Turns out brown bears are trash monsters whose habit of noshing on garbage leads them to develop a more sedentary lifestyle. Wow, same!
According to a new study published in the Journal of Zoology, migratory brown bears in northeast Turkey who often visited a garbage dump to find food—researchers termed them, fantastically, “dump bears”—tended to stick close to the trash heap, save for their hibernation period. Bears that never visited the garbage dump, however, traveled an average of 100 miles per year to find food.
The study tracked 16 bears in total—10 dump bears and six wild bears—and followed them for an average of 10 months, though some were tracked for up to 20 months.

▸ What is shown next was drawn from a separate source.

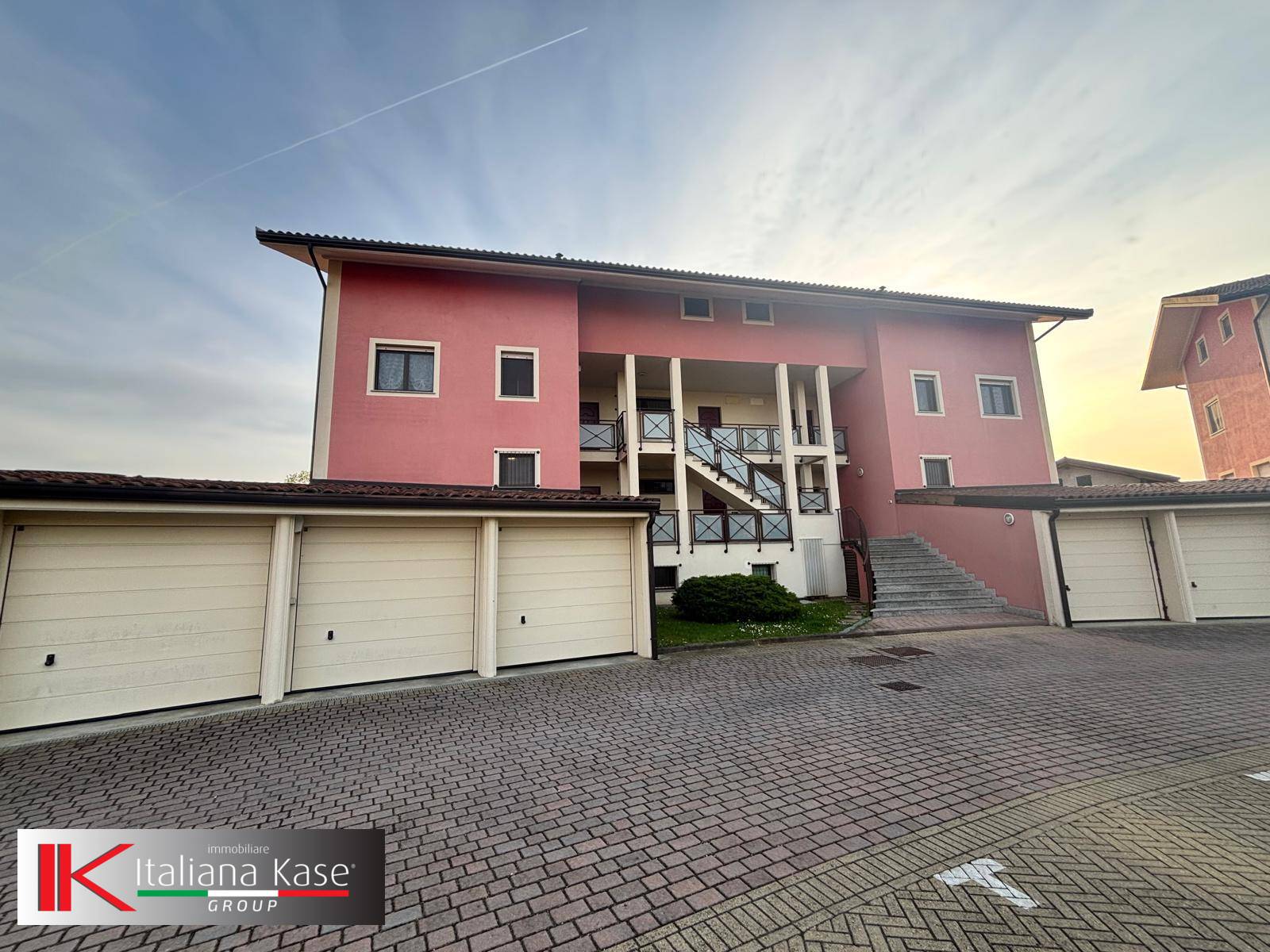 5 locali in vendita a San Benigno Canavese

“It’s surprising that two substantially distinct lifestyles can develop and coexist within a small and isolated subpopulation,” Gabriele Cozzi, a post-doctorate student at the University of Zurich who helped lead the study, told New Scientist.
Unfortunately, the dump bears may soon have to get used to their old way of living. The city government plans to close the garbage dump “in the near future,” according to the study. But if they don’t readjust to the old ways, the researchers warn, they may “die following malnutrition before hibernation.” Please, dump bears, I’m begging you, stay away from the garbage dump.
Interestingly, bears aren’t the only creatures whose behavior patterns have been substantially altered by the garbage we humans often and irresponsibly leave behind. White storks, too, have been shown to flock to garbage patches, and even city-dwelling ants like to snarf down our trash. Animals: Just like us!